Au cours des dernières semaines, plusieurs sondages ont témoigné d’une remontée significative des intentions de vote pour le NPD en prévision du scrutin fédéral d’octobre prochain. D’ores et déjà, ce parti tente de se positionner en position de tête dans une bataille à trois partis.

Étonnamment, après avoir traîné de la patte dans les sondages pendant plusieurs mois, le NPD joue du coude à coude en terrain fédéral, tandis qu’il prend manifestement les devants au Québec. Un sondage CROP tenu à la mi-mai accordait en effet 42 % des intentions de vote des Québécois au NPD, ce qui correspond grosso modo au score qu’il a obtenu le 2 mai 2011.
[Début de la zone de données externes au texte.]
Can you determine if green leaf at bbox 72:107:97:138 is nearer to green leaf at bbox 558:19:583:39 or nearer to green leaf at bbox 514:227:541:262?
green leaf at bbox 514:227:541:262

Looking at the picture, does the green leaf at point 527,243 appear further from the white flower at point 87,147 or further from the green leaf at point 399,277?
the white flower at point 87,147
À quelles raisons attribuer ce changement de cap et cette reprise du tempo par le NPD ?  Est-ce l’effet de la victoire récente de Rachel Notley et des néo-démocrates en Alberta ? Une résultante de la faiblesse de direction perçue chez Justin Trudeau ? L’expression d’un rejet encore plus marqué d’un régime conservateur qui s’exprimerait d’un bout à l’autre du Canada et tout particulièrement au Québec ? Tentons d’y voir plus clair.

À n’en pas douter, ce qui s’est produit en Alberta lors des élections du 5 mai dernier, c’est plus qu’une « vague orange ». Il s’agit plutôt d’une espèce de « révolution tranquille ». Elle a émergé soudainement dans le contexte d’un ressac économique sans précédent dans cette province ; une pression soudaine pour un changement profond à la fois sur les plans politiques et socio-économiques.
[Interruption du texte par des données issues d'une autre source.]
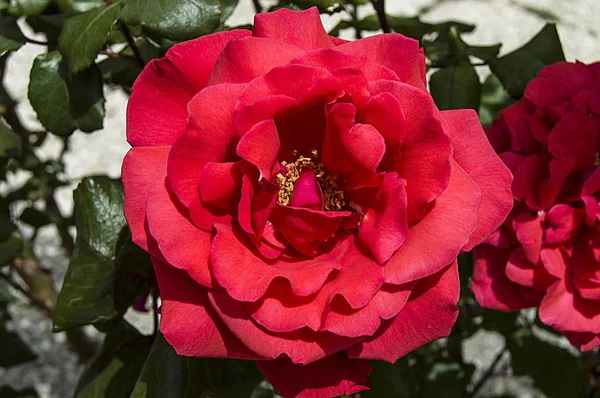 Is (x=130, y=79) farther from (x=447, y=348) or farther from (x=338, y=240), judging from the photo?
(x=447, y=348)

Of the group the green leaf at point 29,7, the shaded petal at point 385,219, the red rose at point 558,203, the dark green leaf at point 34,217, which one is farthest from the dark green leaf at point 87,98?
the dark green leaf at point 34,217

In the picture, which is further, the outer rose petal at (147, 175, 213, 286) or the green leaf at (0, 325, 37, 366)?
the green leaf at (0, 325, 37, 366)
Le NPD a tout d’abord mis fin à un régime de parti dominant qui persistait en Alberta depuis 80 ans, en considérant le règne sans partage du Crédit social dans cette province de 1935 à 1975 et les quarante années subséquentes de l’Association progressiste- conservatrice de l’Alberta.

Il faut aussi noter que Rachel Notley, en tant que chef du parti, a su marier une vision articulée, un charisme et un talent de communicatrice remarquable. Il s’agit également d’un revirement frappant du côté des engagements du NPD en faveur d’une remise en question du modèle de développement économique albertain jusqu’ici articulé essentiellement sur l’industrie des hydrocarbures et des sables bitumineux.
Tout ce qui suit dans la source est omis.